DutchRailnut wrote:looks like it dropped speed on one crossing.
It is only one crossing, but it does illustrate the point that grade crossing matter for the MAS even for commuter rail.
They redid that crossing recently, but I see no quad gates or curbed lane divider, so they spent the money and did not even make it a quiet zone. That specific crossing is a good candidate for grade separation as the road can just be sunken down and most of the properties around are commercial/light industrial (so the resulting displacement is less of an issue than it would be in a residential area). Unfortunately there is another crossing just next to it that would be much more expensive and difficult to deal with which is probably why both of these would never be dealt with.
Furthermore, that speed reduction coupled with some other issue that I do not recall added extra 2 minutes to the Metro-North expresses. Some West of Hudson passengers were not happy about it.
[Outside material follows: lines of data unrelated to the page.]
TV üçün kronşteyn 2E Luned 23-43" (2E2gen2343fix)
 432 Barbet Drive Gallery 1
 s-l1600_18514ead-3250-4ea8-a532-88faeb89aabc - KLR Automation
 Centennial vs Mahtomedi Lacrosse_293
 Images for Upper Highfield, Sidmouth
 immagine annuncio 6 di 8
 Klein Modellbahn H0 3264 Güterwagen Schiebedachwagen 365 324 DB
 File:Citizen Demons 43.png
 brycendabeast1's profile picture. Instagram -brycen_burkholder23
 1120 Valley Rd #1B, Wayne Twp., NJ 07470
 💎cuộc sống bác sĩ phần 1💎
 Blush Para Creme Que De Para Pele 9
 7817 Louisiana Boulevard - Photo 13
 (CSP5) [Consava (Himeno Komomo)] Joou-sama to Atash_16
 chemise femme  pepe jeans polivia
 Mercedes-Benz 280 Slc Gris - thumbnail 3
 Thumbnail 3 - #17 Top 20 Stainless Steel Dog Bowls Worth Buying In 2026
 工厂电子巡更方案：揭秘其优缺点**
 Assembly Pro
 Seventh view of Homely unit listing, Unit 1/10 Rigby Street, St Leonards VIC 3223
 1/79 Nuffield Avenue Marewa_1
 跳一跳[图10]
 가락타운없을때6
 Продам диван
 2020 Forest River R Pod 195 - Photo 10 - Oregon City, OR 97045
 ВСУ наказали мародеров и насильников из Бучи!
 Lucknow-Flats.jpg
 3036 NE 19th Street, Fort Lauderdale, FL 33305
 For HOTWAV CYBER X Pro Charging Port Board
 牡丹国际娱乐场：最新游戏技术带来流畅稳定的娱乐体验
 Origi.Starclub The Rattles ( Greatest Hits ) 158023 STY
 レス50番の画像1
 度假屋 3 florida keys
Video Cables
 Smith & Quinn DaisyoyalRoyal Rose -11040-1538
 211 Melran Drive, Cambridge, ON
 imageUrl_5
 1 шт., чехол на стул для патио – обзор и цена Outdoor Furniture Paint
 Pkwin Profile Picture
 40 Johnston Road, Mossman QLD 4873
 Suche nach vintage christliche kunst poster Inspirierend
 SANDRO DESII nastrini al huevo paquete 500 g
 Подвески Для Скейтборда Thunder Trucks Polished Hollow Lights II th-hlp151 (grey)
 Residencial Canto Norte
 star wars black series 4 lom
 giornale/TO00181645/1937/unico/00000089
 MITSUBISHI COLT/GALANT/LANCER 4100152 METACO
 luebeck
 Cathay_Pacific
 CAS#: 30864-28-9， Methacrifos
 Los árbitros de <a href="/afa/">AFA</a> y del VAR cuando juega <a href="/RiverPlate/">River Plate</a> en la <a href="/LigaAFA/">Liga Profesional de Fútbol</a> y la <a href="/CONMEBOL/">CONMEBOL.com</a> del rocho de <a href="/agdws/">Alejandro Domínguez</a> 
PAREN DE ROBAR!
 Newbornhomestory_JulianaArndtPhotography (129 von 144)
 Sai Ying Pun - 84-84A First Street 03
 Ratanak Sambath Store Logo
Defiant wrote:I take BC line everyday and see that the train positively crawls as it navigates so many grade crossings. Really, something need to be done to eliminate as many of them as possible.
I am not sure when was the last time NJT or NJDOT eliminated a grade crossing, but it must have been decades since then. The same is probably true for the whole New York Metropolitan area. I am amazed that even after the Metro-North Harlem Line crash when multiple people died nobody talks about crossing closings or grade separation. Same appears to be true for the LIRR third mainline project -- there I am really puzzled why anyone thinks that a crossing of three busy tracks will leave any time for the auto traffic, especially during rush hour.
The only serious grade separation effort I am aware of is Alameda East in California. There are also couple of single street projects in the midwest, but that is about it. Nothing that I know of is going on in any of the big East Coast metropolitan areas.